YOUR INSTRUCTIONS: Each line at or after the one containing "Dinas Ketahanan Pangan" should be transcribed exactly, up to and including the final line of the data.

*** DATA UNDER STUDY Section Begins ***

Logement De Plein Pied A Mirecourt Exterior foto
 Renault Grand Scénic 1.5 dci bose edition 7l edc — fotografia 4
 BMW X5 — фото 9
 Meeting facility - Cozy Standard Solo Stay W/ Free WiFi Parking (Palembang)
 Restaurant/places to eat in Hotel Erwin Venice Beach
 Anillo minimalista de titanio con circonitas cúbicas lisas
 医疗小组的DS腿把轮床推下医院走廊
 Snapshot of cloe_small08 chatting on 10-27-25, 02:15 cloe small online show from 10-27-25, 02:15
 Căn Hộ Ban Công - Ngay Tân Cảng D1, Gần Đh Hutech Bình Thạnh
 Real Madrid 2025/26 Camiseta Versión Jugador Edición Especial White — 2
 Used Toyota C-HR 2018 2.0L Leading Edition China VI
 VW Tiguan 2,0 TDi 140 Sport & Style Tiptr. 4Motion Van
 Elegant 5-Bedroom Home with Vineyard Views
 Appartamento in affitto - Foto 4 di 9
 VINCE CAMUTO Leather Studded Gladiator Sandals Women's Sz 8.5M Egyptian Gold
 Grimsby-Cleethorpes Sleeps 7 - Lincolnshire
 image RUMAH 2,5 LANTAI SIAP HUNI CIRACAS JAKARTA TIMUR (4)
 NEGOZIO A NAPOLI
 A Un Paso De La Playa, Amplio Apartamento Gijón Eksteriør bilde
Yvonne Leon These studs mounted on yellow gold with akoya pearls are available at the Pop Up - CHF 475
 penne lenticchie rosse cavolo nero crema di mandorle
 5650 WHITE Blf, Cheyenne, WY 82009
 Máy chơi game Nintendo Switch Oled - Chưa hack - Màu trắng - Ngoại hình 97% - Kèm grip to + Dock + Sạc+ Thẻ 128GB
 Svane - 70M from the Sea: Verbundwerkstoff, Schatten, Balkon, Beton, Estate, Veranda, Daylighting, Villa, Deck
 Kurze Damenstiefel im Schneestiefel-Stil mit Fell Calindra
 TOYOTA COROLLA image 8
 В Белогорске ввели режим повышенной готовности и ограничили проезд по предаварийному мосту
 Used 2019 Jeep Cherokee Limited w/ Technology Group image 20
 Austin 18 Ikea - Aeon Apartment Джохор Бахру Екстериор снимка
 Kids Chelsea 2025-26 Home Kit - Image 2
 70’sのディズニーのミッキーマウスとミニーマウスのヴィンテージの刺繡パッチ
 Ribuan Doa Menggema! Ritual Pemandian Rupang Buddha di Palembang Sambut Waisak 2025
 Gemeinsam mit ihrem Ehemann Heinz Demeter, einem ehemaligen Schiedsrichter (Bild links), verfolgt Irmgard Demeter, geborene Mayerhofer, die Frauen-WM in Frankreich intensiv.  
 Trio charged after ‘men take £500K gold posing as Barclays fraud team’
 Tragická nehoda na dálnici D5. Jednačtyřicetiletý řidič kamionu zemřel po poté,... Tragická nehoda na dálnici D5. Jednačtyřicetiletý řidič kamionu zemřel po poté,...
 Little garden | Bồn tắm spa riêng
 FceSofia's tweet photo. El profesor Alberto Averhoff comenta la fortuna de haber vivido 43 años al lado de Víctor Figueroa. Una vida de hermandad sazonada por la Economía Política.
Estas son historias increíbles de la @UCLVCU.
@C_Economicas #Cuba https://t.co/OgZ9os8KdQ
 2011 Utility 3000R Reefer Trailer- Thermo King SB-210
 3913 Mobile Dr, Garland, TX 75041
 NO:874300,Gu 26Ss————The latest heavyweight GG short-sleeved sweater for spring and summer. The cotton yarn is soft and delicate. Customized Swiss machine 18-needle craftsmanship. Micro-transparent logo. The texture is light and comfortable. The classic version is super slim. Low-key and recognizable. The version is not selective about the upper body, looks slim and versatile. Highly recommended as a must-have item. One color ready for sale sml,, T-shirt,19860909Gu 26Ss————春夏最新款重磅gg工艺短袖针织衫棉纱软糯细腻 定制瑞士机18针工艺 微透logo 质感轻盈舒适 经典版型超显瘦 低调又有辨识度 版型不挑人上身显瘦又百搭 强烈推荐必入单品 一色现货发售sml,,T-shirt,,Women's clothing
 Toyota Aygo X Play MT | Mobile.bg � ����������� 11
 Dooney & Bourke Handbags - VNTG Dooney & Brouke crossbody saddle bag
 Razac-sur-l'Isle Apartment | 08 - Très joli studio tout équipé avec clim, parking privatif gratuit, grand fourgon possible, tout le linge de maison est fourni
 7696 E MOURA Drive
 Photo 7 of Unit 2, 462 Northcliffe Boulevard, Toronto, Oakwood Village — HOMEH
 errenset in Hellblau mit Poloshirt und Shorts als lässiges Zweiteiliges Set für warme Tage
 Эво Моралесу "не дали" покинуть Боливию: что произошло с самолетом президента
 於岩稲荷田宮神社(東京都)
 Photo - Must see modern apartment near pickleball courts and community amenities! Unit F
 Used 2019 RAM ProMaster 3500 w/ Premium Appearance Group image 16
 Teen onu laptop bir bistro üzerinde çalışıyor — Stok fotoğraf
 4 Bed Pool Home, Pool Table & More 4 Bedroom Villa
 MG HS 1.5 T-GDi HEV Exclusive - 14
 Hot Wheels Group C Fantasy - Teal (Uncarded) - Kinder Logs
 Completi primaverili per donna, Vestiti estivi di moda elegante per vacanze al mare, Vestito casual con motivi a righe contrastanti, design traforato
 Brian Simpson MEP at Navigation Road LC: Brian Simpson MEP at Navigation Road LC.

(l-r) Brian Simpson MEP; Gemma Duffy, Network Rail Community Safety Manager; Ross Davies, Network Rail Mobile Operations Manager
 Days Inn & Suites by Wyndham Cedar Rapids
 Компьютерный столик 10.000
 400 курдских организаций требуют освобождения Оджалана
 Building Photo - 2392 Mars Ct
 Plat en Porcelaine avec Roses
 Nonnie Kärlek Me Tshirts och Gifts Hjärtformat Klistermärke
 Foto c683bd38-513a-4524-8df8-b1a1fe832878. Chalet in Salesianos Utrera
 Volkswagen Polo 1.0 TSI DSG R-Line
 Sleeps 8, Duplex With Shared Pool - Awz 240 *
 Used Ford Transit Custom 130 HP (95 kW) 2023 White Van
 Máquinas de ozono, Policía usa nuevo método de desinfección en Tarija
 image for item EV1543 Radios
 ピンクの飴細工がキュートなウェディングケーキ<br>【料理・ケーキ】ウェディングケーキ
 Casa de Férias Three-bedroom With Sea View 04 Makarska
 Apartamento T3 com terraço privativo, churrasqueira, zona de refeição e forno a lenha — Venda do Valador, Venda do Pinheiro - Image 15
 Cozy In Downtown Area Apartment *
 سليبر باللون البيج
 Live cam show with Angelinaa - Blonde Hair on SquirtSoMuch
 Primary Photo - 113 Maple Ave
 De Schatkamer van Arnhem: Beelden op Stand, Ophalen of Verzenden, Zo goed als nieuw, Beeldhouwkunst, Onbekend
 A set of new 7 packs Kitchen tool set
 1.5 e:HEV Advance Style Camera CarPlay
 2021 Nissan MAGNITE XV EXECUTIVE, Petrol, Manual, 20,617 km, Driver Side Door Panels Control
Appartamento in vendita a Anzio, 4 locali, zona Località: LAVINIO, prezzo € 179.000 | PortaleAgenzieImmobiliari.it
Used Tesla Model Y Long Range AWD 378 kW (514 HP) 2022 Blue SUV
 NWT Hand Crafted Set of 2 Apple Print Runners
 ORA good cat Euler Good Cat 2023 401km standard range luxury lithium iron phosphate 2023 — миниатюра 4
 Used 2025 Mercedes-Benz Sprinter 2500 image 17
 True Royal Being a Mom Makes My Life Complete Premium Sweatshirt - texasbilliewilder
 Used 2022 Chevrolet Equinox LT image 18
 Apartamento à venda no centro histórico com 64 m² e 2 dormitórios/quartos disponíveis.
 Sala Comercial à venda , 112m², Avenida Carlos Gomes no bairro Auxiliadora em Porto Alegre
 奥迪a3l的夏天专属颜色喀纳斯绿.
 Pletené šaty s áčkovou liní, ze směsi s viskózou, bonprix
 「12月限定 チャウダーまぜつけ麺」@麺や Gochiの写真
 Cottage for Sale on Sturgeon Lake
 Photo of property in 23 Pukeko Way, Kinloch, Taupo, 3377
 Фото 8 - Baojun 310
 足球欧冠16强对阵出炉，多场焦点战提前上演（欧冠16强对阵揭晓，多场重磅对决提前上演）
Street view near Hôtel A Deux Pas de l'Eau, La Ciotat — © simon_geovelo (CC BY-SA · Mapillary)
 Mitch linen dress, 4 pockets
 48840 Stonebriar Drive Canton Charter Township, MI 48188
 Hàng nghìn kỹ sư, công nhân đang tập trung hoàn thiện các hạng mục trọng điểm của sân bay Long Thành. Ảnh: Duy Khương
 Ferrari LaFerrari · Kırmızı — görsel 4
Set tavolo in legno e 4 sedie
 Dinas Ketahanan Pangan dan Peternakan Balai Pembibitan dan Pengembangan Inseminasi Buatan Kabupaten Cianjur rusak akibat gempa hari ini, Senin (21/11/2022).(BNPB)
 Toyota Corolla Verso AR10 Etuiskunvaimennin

*** DATA UNDER STUDY Section Ends ***

WRITTEN SOLUTION:
 Dinas Ketahanan Pangan dan Peternakan Balai Pembibitan dan Pengembangan Inseminasi Buatan Kabupaten Cianjur rusak akibat gempa hari ini, Senin (21/11/2022).(BNPB)
 Toyota Corolla Verso AR10 Etuiskunvaimennin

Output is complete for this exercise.